L-6 MEASURING DECISION SENSITIVITY WITH MULTINOMIAL LOGISTIC REGRESSION METAMODELING

Tuesday, October 22, 2013: 2:45 PM
Key Ballroom 7,9,10 (Hilton Baltimore)
Quantitative Methods and Theoretical Developments (MET)
Candidate for the Lee B. Lusted Student Prize Competition

Hawre Jalal, MD, MSc, Michel Boudreaux, MSc and Karen M. Kuntz, ScD, University of Minnesota, Minneapolis, MN
   Purpose:   Modelers lack a simple tool to examine decision sensitivity (i.e., the change in the probability of a strategy being optimal due to parameter uncertainty).  We propose multinomial logistic regression (MNR) metamodeling to reveal decision sensitivity.       Methods:  MNR is useful in analyses where the dependent varaible is categorical and not ordered. In this study, we apply MNR in a novel way to analyze the probabilistic sensitivity analysis (PSA) from a decision model in order to reveal decision sensitivity.  We demonstrate our approach with a previously published decision model for treating a suspected case of herpes simplex encephalopathy.  The model compares three strategies: treat everyone, biopsy, and do not treat or biopsy.  We performed 10,000 PSA scenarios.  For the MNR, we treated the model's input parameter values as independent variables and the optimal strategy in each iteration as the dependent variable.
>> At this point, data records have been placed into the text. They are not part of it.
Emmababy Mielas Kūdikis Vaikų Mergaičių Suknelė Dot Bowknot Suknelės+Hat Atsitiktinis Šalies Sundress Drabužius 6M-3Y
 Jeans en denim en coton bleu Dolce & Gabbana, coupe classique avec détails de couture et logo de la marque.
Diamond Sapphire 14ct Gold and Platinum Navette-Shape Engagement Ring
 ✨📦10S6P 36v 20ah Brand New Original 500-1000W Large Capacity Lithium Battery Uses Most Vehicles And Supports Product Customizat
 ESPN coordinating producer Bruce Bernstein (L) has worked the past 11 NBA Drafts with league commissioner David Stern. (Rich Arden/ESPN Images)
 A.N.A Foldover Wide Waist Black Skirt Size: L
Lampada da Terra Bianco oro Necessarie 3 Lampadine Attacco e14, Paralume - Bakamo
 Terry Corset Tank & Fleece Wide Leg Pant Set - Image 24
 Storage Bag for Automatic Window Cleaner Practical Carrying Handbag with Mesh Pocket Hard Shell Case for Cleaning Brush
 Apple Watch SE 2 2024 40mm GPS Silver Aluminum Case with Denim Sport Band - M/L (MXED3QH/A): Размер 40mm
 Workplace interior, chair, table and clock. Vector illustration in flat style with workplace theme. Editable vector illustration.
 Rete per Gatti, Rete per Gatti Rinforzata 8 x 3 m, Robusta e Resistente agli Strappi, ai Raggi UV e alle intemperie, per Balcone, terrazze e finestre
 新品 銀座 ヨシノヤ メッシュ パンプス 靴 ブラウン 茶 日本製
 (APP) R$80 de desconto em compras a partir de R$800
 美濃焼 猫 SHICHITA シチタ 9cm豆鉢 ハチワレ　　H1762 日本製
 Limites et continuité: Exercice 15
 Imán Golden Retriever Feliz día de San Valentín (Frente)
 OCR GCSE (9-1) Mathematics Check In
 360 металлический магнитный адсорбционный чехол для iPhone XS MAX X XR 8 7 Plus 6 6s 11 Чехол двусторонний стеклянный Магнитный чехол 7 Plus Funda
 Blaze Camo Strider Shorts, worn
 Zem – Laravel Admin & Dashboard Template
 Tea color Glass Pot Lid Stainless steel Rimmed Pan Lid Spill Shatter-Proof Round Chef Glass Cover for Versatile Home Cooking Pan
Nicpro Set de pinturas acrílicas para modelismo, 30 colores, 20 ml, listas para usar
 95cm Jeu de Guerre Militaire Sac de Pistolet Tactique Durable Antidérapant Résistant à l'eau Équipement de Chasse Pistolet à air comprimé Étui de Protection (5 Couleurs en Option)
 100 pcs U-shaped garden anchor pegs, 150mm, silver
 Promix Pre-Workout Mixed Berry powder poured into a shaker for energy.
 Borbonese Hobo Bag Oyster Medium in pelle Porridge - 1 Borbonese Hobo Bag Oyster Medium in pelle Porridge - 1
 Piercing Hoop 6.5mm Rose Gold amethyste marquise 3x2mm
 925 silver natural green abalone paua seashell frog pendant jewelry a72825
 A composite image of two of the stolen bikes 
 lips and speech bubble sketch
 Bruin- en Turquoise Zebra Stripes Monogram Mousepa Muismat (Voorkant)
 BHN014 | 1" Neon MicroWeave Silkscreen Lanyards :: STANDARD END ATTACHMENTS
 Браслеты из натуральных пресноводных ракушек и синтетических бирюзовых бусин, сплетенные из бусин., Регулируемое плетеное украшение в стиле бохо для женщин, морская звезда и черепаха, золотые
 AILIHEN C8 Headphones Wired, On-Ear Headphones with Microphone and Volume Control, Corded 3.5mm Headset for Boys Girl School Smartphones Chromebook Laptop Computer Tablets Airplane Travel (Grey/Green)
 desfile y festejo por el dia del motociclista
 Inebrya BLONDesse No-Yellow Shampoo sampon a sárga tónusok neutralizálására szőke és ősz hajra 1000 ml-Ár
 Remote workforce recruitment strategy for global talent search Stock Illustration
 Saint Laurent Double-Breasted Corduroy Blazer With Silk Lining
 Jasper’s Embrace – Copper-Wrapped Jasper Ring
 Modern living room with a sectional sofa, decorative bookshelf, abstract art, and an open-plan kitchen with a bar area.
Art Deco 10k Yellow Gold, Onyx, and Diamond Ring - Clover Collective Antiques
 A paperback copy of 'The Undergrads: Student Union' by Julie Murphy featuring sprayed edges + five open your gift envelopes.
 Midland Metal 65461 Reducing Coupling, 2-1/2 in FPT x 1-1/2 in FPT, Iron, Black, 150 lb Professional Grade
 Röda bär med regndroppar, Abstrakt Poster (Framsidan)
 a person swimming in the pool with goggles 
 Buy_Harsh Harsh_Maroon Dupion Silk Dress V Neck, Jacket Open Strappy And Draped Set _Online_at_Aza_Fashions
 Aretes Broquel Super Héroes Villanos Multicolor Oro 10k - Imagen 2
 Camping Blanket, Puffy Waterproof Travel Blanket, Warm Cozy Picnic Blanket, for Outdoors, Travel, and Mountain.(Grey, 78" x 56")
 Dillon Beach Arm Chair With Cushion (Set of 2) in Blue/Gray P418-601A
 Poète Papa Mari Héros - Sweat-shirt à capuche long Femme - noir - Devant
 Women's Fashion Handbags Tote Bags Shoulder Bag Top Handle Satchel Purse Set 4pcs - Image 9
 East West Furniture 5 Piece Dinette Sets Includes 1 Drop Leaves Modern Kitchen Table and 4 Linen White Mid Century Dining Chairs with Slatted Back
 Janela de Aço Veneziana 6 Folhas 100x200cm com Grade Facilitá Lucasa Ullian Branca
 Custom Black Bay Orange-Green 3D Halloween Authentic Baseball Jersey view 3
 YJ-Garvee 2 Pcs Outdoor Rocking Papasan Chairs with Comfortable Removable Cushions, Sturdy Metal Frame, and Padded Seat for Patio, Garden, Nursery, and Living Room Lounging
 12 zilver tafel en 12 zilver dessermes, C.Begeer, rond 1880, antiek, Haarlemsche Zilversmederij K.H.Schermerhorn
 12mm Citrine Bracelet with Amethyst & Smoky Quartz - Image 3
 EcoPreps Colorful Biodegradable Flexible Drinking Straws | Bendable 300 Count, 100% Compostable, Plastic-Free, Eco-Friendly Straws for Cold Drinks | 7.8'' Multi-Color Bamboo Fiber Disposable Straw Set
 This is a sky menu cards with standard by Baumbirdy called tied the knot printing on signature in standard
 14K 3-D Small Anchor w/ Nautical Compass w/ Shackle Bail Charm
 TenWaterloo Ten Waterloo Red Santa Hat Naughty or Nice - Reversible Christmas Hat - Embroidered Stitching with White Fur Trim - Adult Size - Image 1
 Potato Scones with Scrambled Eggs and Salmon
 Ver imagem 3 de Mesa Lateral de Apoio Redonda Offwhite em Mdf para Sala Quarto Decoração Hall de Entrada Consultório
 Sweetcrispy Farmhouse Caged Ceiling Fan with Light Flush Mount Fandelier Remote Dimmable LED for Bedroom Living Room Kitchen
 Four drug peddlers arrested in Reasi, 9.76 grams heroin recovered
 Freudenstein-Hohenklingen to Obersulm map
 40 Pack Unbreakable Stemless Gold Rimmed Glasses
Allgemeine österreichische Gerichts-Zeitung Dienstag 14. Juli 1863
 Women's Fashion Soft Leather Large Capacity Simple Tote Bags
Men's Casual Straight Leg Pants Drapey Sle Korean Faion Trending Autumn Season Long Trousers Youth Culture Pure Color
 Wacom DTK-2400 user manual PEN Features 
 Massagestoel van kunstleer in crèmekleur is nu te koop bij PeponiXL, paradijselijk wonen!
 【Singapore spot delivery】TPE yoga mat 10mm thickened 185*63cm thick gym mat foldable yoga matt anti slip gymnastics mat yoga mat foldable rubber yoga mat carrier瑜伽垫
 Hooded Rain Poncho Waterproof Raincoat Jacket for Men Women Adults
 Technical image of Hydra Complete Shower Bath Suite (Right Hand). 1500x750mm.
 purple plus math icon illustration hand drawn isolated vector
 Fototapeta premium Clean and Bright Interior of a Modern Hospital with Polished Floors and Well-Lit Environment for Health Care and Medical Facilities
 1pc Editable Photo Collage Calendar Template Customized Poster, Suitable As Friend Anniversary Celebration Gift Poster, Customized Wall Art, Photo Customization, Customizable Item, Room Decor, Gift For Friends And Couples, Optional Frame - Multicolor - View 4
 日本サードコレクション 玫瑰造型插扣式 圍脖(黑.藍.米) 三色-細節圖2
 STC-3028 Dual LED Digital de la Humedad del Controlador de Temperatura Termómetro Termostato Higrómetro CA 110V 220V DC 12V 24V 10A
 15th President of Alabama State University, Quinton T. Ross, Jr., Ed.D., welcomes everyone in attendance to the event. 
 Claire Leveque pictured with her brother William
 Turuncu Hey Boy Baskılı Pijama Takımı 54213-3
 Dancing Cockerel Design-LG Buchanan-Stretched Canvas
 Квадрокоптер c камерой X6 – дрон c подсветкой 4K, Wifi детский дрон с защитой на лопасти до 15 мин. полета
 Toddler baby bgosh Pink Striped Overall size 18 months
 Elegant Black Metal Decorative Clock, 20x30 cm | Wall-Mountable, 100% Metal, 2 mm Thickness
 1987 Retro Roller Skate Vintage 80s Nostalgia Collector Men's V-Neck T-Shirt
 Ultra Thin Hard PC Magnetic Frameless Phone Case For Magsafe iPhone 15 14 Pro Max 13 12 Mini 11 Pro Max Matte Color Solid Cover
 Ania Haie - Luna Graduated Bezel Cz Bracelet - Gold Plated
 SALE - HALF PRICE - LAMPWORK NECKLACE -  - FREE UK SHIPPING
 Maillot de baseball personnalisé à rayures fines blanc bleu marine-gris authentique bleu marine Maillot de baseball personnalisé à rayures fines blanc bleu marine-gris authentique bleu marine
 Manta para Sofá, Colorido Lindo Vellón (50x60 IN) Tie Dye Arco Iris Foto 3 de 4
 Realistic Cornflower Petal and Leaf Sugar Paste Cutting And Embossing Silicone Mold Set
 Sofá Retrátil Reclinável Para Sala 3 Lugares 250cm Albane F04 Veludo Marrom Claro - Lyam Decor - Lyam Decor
In this capacity the MNR is a second (meta) model.  Because the regression coefficients are difficult to interpret, we report the marginal effects (ME) as a direct measure of decision sensitivity.  The MEs measure the change in the probability of each strategy being optimal due to one unit change in each parameter.  Furthermore, we developed a new score, the sum of absolute marginal effects (SAME) to combine the ME of a parameter on all the strategies, and compared our results to expected value of partial perfect information (EVPPI).       Results:   The probability of severe sequalae following biopsy was associated with the highest decision sensitivity.  The ME of this parameter on biopsy was -0.28, indicating that the probability of biopsy being optimal decreases by 0.28 if the value of this parameter is increased by one standard deviation from its mean.  Similarly, the importance of all the model parameters were ranked by their ME and SAME scores.  In addition, the SAME scores were highly correlated with the EVPPI (correlation coefficient = 0.97) (see Figure).       Conclusion:   Regression analsyis can be used to evaluate the impact of decision model parameters and is highly correlated with EVPPI results.